Scot Tobias: People Just LOVE Ticket Scalpers!

Hold on to your concert tickets, ladies and gentlemen...

photo: Lenore Edman, modified under CC 2.0

Did you know people LIKE getting ripped off by ticket scalpers? Well of course they do, idiot!

At least, according to one ticket scalper, SORRY, “secondary ticketing reseller,” Scot Tobias.

Scot Tobias, the founder and president of Worldwide Tickets, sat down with Billboard to discuss the “Fair Ticketing Alliance”. According to their website:

We created the FAIR TICKETING ALLIANCE to campaign for:

Greater legal and regulatory clarity in the secondary ticketing market

Secondary website platforms to conform fully with the law

Responsible, licensed operators to have the right to buy and re-sell tickets whilst protecting consumer interests

All those ideas sound pretty good, but you know what would sound even better? NOT having to pay above face value for tickets in the first place.

During the interview, single-t Scot says this about the secondary market:

“The bottom line is that the public enjoys and loves the secondary market. They love the convenience. They love the availability. They love the true valuation of the tickets.”

The convenience? The availability? What would be convenient is if tickets were available at the original price (the “true valuation”), and not at inflated prices by some prick preying on the fact that people are basically idiots who will pay whatever they have to in order to see a concert.

Billboard’s interviewer grills Scot further, and his response is absurd:

BILLBOARD: “Critics say you’re ripping off fans by charging grossly-inflated prices for tickets.”

SCOT: “There is a sector of [fans in] the market that don’t get the opportunity to buy the tickets right away, but do like the luxury of being able to buy them later at a premium, or else they wouldn’t do it. People wouldn’t buy these tickets at a premium unless they wanted to.”

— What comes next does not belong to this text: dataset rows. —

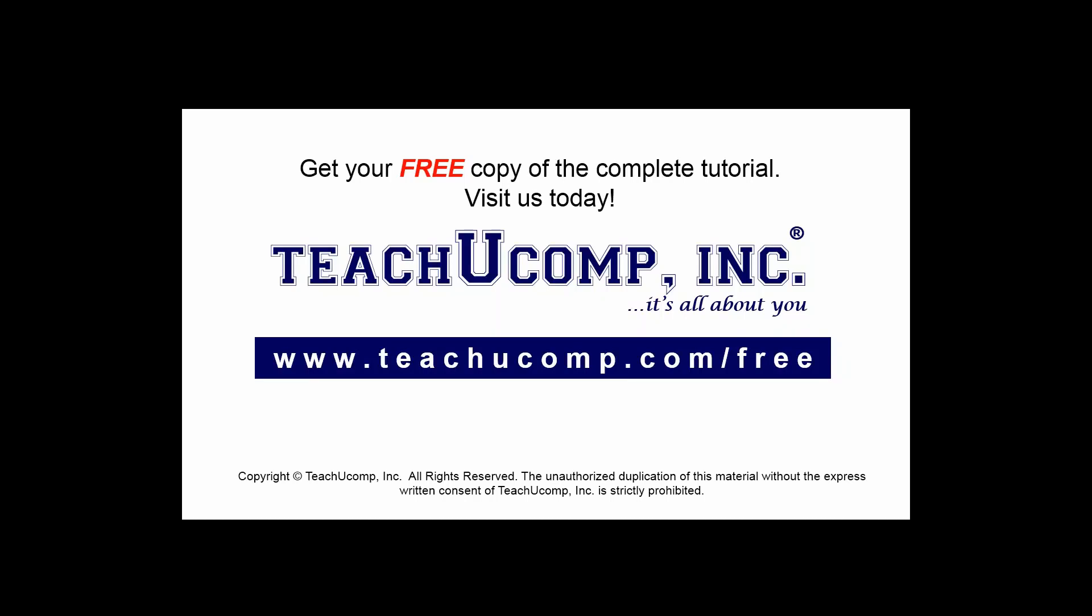Get your free copy of the complete tutorial at www.teachucomp.com forward slash free.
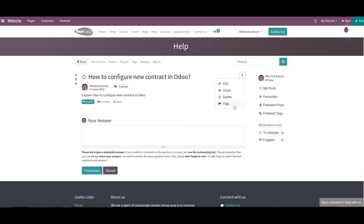The three vertical dots can be used to edit, close, delete, or flag the post. This is how we manage forum posts with the help of Odoo 15 Website. All responses submitted by participants will be recorded in the backend, and the company can analyze those responses with the help of the Odoo Website module. That's all about the video — thank you for watching.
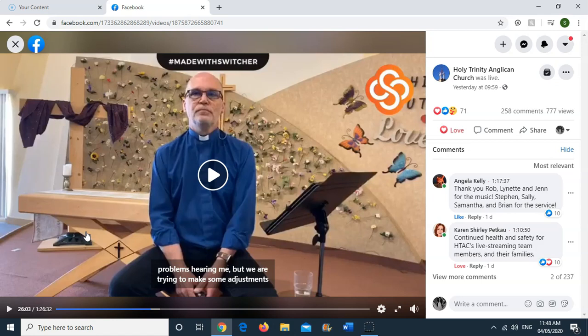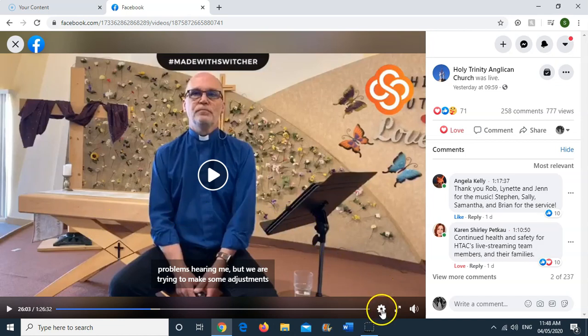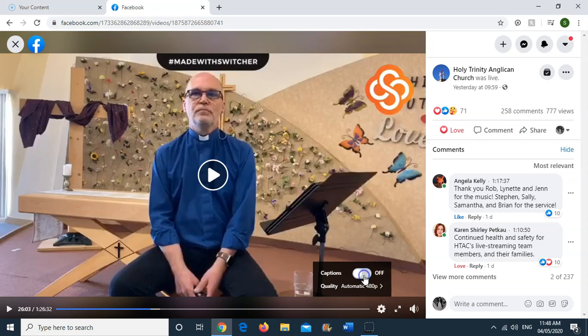To fix this issue, go to the bottom right hand corner of the video and click. You'll see the captions has been switched on — you need to switch it off. This makes the captions disappear.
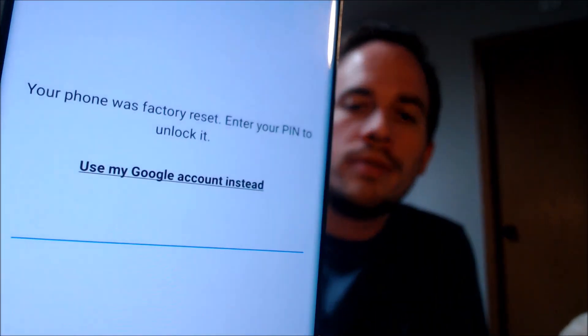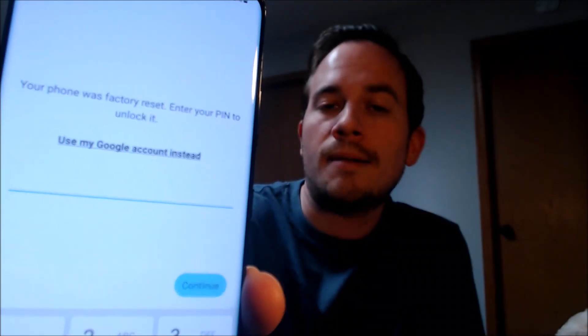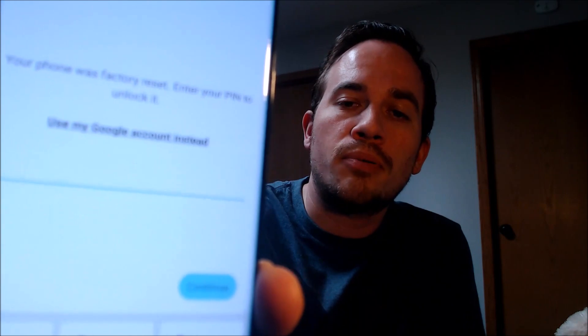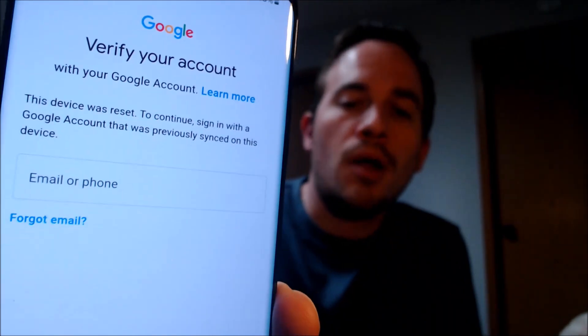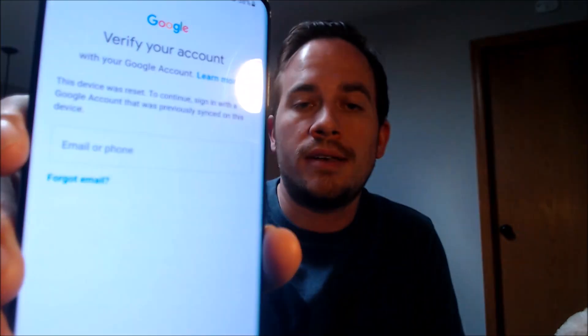Now here with us today, we happen to have a Samsung Galaxy S21 Ultra, and this device does have the Google account lock enabled because, as we can see here as we're going through the setup steps, we get to the screen that tells us that the phone was factory reset. And to continue, we have to either verify the previous screen lock that was used, or if we tap on 'use my Google account instead,' it'll prompt us to sign in to the Google account that was previously on the device.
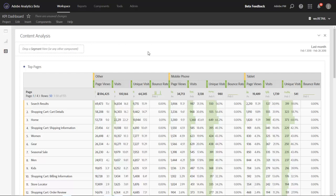Hi, this is Jen Lasser with Adobe Analytics Product Management. In this video, I want to give you an overview of all the improvements we've made to our column settings over the last few months, including a new feature we're releasing today, which is the ability to wrap your column header text.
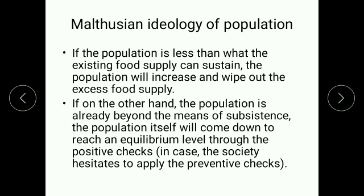We need to see the Malthusian statements on population. There are two different statements by Malthus. The first statement is that if the population is less than what the existing food supply can sustain, the population will increase and wipe out the excess food supply. If, on the other hand, the population is already beyond the means of subsistence, the population itself will come down to reach an equilibrium.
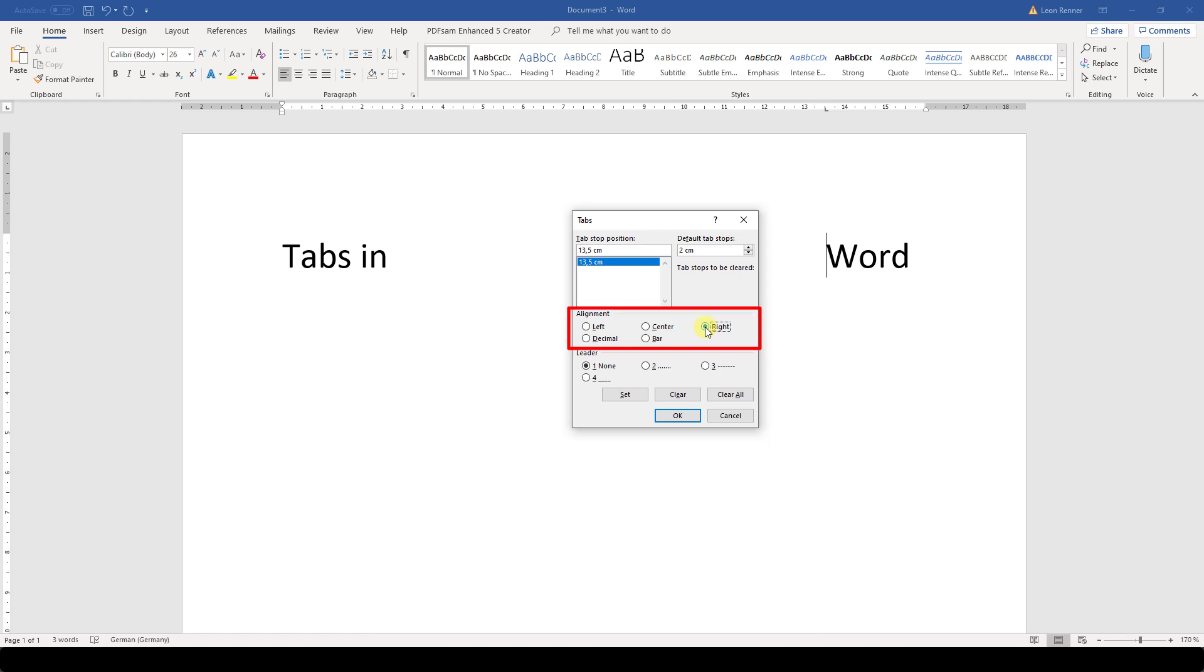We can also choose leading characters for the tab. These characters will fill up the empty space to the tab position when the tab key is pressed. For demonstration purpose, I will set a leading character, although I never used them before.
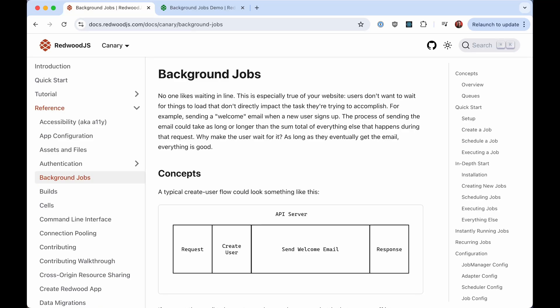Hey everybody, Rob here, and I am going to demonstrate a new feature coming out in Redwood 8.0, and that is background jobs, processing work in the background.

You know why they don’t get the opportunity to buy them right away? Because of so many assholes buying them to resell, or the fact that in some cases, the venue is just shoving half the tickets to the secondary market before they’ve even had a chance to be sold!

But there you have it… people wouldn’t buy these tickets at a premium unless they wanted to.

They WANT to pay double the price for floor seats from some guy on the internet.  Did you know we also like paying for gas when it’s over $3 a gallon?  We love it in fact, it’s so convenient!  That extra money in our wallets was just slowing us down anyway!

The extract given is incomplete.